===== Dataset content =====

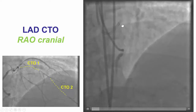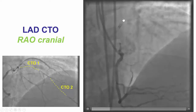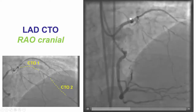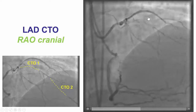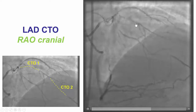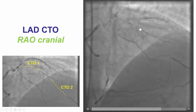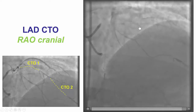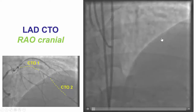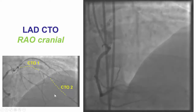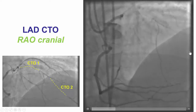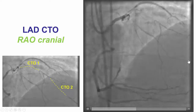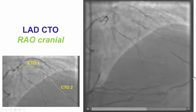There was a CTO of the ostium of the LAD immediately proximal to a previously placed stent, then there was some filling of the mid-LAD via collaterals, and then a second occlusion — a second CTO — from the mid to the distal left anterior descending artery.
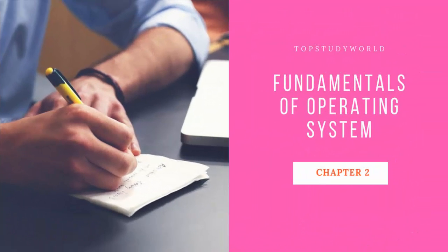Bismillahirrahmanirrahim, assalamu alaikum everyone. I am Maha Sirazi, your computer teacher, and this is assignment number six of grade nine. In the last lecture we were studying chapter number two, Fundamentals of Operating System.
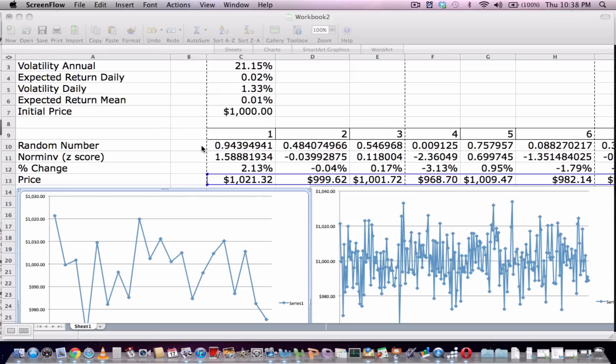This will be a number between 0 and 1, and because it is a standard Monte Carlo simulation using your normal standard curve,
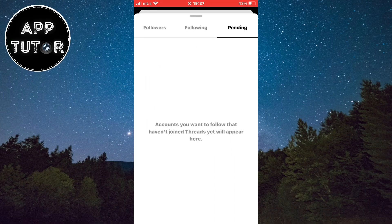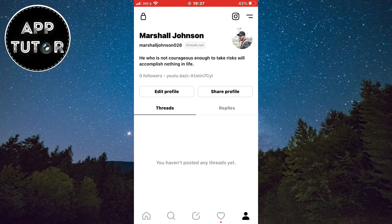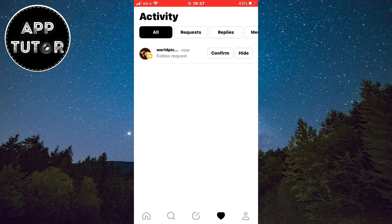What we want to do is to tap on this little heart icon and you'll see a list of your follow requests. These are all of the accounts that have requested to follow you on the new Threads app.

=====

Your goal:
Retype the listing exactly. Leave out its pictures.

Solution:
There was a CTO of the ostium of the LAD immediately proximal to a previously placed stent, then there was some filling of the mid-LAD via collaterals, and then a second occlusion — a second CTO — from the mid to the distal left anterior descending artery.
Bismillahirrahmanirrahim, assalamu alaikum everyone. I am Maha Sirazi, your computer teacher, and this is assignment number six of grade nine. In the last lecture we were studying chapter number two, Fundamentals of Operating System.
This will be a number between 0 and 1, and because it is a standard Monte Carlo simulation using your normal standard curve,
What we want to do is to tap on this little heart icon and you'll see a list of your follow requests. These are all of the accounts that have requested to follow you on the new Threads app.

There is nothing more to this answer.